U.S. District Judge Richard Leon, of the District of Columbia, granted the injunction on Nov. 7, and the FDA appealed.
R.J. Reynolds, Commonwealth Brands, Liggett Group and Santa Fe Natural Tobacco all challenged the FDA’s new warning label requirements on First Amendment grounds.
They contend the labels — which displayed certain graphic images, such as diseased lungs and a cadaver bearing chest staples on an autopsy table — are an unconstitutional means of forcing them to distribute the government’s anti-smoking message.
The companies would have been forced to display the new labels by Sept. 22.
However, Leon, in granting the companies’ request for a preliminary injunction, stayed the effective date until 15 months after the final resolution of the litigation.
“This case poses a constitutional challenge to a bold new tact by the Congress, and the FDA, in their obvious and continuing efforts to minimize, if not eradicate, tobacco use in the United States,” Leon wrote in his 29-page memorandum opinion.
“Notwithstanding the potential legal and financial ramifications of this challenge, the government, for reasons known only to itself, is unwilling to voluntarily stay the effective date of this rule until the judicial branch can appropriately review the constitutionality of the government’s novel — and costly — approach to regulating tobacco packaging and advertising.
“Thus, this court must — and will — act to preserve the status quo until it can evaluate, on the merits (and without incurring irreparable harm to those companies genuinely affected), the constitutionality of the commercial speech that these graphic images compel.”
In 1998, 46 states reached a settlement with the tobacco industry that requires companies to make an annual payment to the states to offset health care costs caused by smoking. The settlement has an estimated worth of $246 billion over its first 25 years.

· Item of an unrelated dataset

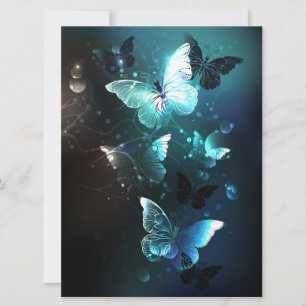 Mint Night Butterflies Save The Date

Four other states reached their own agreements with the tobacco industry.
Wasden’s brief says Leon failed to recognize the public health threat posed by cigarette smoking and a “long history of deception” by the industry.

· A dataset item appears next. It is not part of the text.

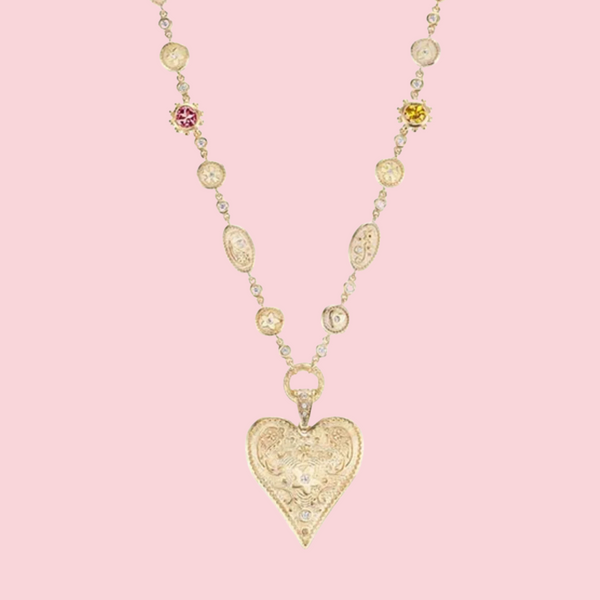 LARGE SOUTHWESTERN HEART NECKLACE TOURMALINE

“The appropriateness of a product warning depends upon the dangers posed by the product, the likelihood that its users will suffer harm, the likelihood that the warning will be noticed, and the capacity of those dependent on the warning to understand its import and act in response to it,” the brief says.

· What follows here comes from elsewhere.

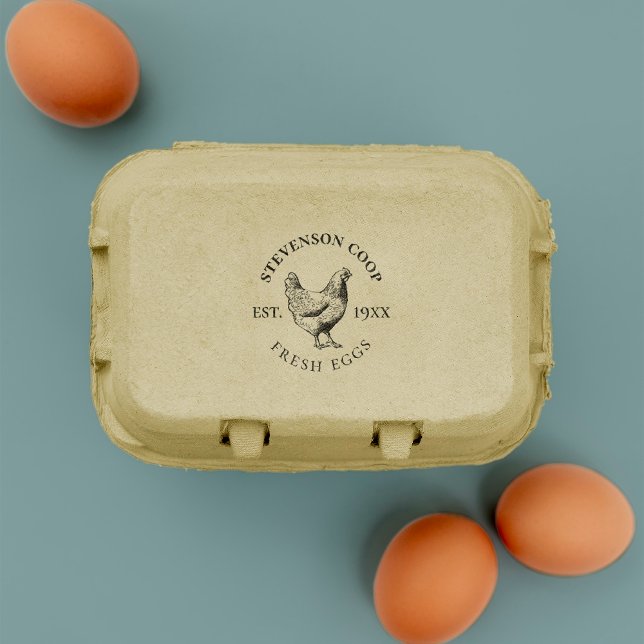 Rustik Family Farm Personlig Fresh Chicken Eggs Stämpel (Skapare uppladdad)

“The urgency of a warning for a product that could cause the death of children may differ markedly from that of a warning for a product that could cause an upset stomach.”
The other states that joined the brief are Alaska, Arizona, Arkansas, California, Connecticut, Hawaii, Illinois, Iowa, Maine, Maryland, Mississippi, Montana, New Hampshire, New Mexico, Ohio, Rhode Island, South Dakota, Utah, Vermont, Washington.